╭─ PROVIDED MATERIAL

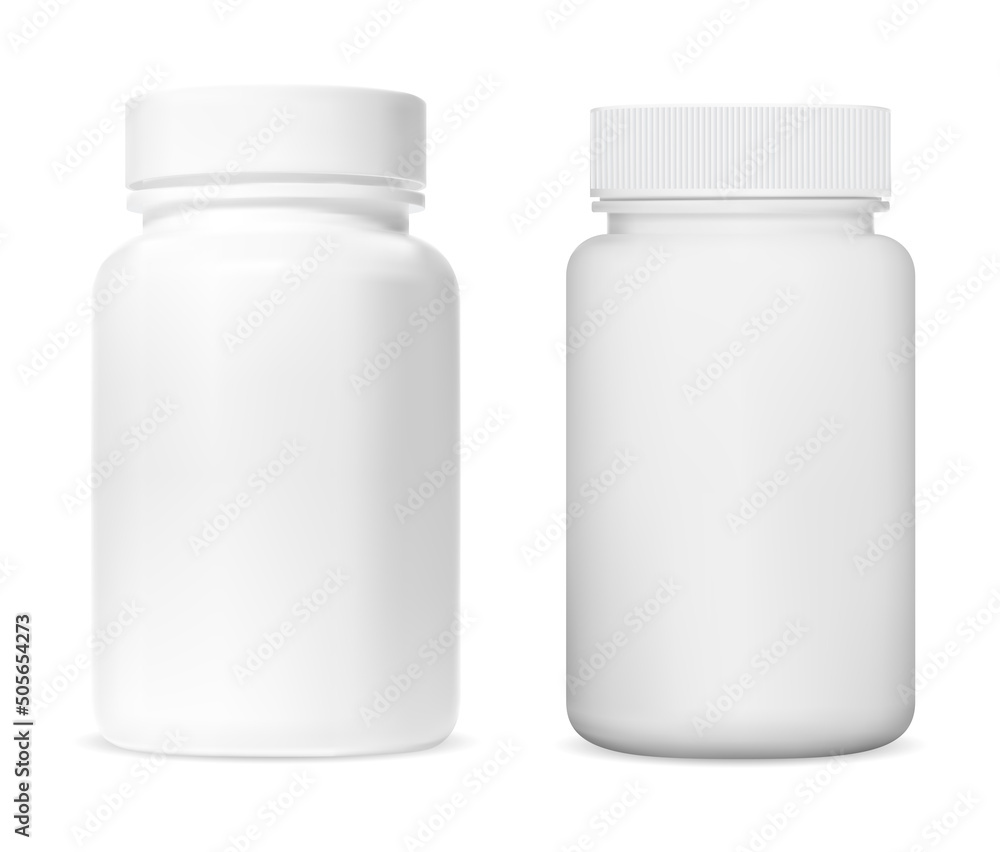 White supplement vitamin bottle, medicine pill jar mockup. Small pharmacy tablet can template, antibiotic capsule prescription drug bottle. Pharmaceutical medicament illustration White supplement vitamin bottle, medicine pill jar mockup. Small pharmacy tablet can template, antibiotic capsule prescription drug bottle. Pharmaceutical medicament illustration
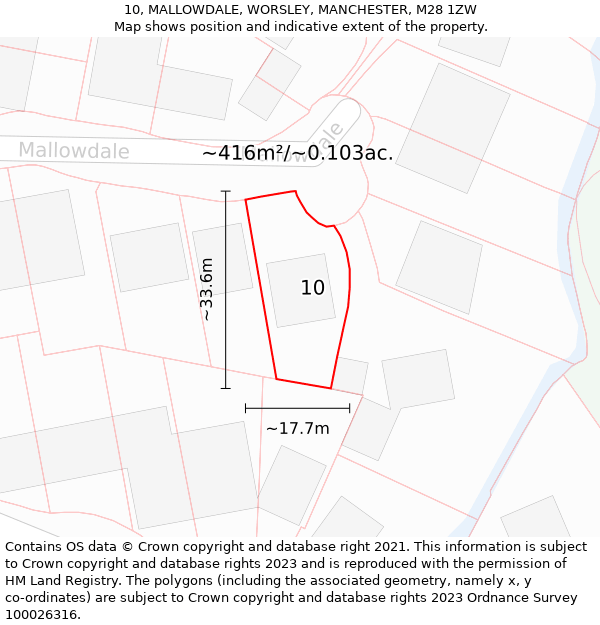 10, MALLOWDALE, WORSLEY, MANCHESTER, M28 1ZW: Plot and title map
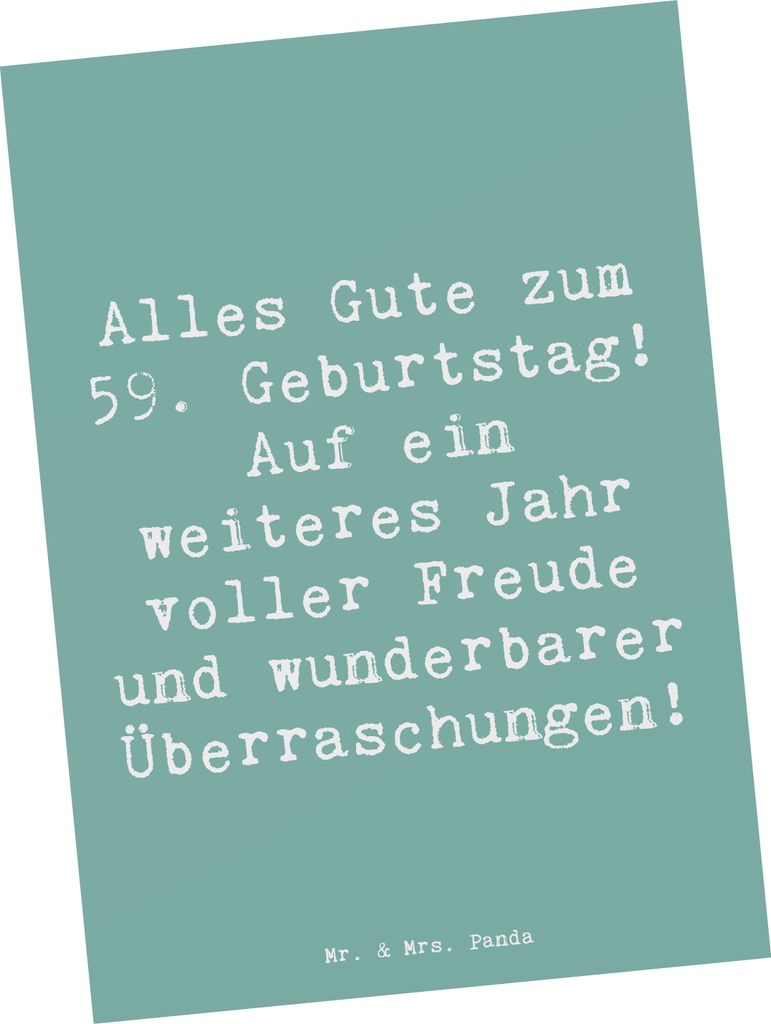 Mr. & Mrs. Panda Postkarte Spruch 59. Geburtstag - Meeresbrise - Geschenk, Alles gut zum, 59 Jahre, Postkarten, Happy Birthday, besonderer Tag, Jub...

╰─

__PROBLEM__: Take the listing above and print it exactly, apart from the pictures.

__EXPECTED ANSWER__:
 White supplement vitamin bottle, medicine pill jar mockup. Small pharmacy tablet can template, antibiotic capsule prescription drug bottle. Pharmaceutical medicament illustration White supplement vitamin bottle, medicine pill jar mockup. Small pharmacy tablet can template, antibiotic capsule prescription drug bottle. Pharmaceutical medicament illustration
 10, MALLOWDALE, WORSLEY, MANCHESTER, M28 1ZW: Plot and title map
 Mr. & Mrs. Panda Postkarte Spruch 59. Geburtstag - Meeresbrise - Geschenk, Alles gut zum, 59 Jahre, Postkarten, Happy Birthday, besonderer Tag, Jub...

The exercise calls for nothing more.